## [DATA RECORDS]
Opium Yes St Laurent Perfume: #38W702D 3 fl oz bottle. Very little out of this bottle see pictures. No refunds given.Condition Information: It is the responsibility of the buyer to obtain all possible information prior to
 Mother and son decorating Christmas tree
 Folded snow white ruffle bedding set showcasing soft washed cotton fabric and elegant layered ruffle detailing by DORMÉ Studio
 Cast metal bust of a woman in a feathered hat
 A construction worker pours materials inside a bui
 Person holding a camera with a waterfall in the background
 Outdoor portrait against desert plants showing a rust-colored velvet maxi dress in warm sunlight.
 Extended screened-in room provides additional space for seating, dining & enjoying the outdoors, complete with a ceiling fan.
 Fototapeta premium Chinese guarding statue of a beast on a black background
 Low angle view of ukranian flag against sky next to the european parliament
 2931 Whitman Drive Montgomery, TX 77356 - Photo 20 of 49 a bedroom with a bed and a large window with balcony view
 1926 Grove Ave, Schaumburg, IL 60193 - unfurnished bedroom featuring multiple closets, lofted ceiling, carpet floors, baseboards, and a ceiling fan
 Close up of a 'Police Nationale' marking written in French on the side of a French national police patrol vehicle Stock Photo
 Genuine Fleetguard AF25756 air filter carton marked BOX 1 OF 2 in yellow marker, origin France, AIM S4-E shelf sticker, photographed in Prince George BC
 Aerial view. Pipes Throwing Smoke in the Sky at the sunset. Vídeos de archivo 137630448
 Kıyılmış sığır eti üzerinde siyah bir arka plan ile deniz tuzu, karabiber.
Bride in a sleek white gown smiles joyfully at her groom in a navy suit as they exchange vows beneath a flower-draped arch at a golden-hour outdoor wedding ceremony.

## [ACTIVITY]
Copy exactly the lines from the one containing "Aerial view. Pipes" through the last line of the records, both included, and nothing else.

## [EXPECTED ANSWER]
 Aerial view. Pipes Throwing Smoke in the Sky at the sunset. Vídeos de archivo 137630448
 Kıyılmış sığır eti üzerinde siyah bir arka plan ile deniz tuzu, karabiber.
Bride in a sleek white gown smiles joyfully at her groom in a navy suit as they exchange vows beneath a flower-draped arch at a golden-hour outdoor wedding ceremony.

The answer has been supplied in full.